Copy, exactly and without additions, every line in the records below from the one holding "Collier Le Papillon" through the one holding "Snapshot of Koreanboy171", both ends included.

(DATASET EXTRACT begins)

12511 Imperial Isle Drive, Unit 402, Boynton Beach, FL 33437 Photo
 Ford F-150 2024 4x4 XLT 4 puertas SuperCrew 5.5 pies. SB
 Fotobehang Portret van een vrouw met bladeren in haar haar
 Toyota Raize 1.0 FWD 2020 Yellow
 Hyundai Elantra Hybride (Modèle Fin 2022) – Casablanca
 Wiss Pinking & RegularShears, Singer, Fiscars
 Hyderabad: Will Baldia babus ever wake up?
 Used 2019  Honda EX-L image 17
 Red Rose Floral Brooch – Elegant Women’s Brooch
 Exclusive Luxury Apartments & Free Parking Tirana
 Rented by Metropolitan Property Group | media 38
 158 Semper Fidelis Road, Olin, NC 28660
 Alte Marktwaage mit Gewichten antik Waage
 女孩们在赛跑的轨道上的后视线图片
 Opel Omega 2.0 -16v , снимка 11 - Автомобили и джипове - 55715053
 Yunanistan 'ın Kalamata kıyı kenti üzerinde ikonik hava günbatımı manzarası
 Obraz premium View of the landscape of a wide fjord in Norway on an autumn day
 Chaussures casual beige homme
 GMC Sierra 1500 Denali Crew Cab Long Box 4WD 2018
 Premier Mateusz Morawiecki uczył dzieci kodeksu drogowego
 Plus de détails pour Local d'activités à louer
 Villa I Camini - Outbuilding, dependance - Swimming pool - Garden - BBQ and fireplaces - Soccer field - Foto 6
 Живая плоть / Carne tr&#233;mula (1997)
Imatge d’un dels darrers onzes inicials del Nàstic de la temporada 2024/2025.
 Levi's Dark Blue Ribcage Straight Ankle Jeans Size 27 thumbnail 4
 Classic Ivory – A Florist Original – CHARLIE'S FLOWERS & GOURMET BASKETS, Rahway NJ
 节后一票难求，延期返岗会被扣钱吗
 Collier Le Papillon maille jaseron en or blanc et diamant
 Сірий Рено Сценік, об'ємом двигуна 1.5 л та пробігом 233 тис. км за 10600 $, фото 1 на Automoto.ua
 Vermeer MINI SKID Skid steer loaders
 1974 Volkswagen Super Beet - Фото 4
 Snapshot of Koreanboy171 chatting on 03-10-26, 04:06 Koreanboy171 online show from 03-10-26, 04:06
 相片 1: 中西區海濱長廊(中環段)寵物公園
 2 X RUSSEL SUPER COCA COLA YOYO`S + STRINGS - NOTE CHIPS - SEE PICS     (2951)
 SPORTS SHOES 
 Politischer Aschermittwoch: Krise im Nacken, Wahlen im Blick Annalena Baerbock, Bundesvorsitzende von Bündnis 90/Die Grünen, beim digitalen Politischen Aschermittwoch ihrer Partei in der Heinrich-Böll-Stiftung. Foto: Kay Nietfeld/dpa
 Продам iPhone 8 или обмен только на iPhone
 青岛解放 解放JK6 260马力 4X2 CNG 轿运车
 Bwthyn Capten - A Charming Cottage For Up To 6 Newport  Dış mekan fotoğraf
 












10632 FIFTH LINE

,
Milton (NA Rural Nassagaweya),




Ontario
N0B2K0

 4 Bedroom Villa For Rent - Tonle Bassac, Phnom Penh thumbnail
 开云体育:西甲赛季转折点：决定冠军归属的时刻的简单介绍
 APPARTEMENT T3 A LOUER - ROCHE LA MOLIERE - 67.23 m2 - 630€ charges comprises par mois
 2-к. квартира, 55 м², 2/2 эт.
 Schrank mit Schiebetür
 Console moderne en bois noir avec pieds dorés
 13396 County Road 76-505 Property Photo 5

(DATASET EXTRACT ends)

EXERCISE OUTPUT ▸
 Collier Le Papillon maille jaseron en or blanc et diamant
 Сірий Рено Сценік, об'ємом двигуна 1.5 л та пробігом 233 тис. км за 10600 $, фото 1 на Automoto.ua
 Vermeer MINI SKID Skid steer loaders
 1974 Volkswagen Super Beet - Фото 4
 Snapshot of Koreanboy171 chatting on 03-10-26, 04:06 Koreanboy171 online show from 03-10-26, 04:06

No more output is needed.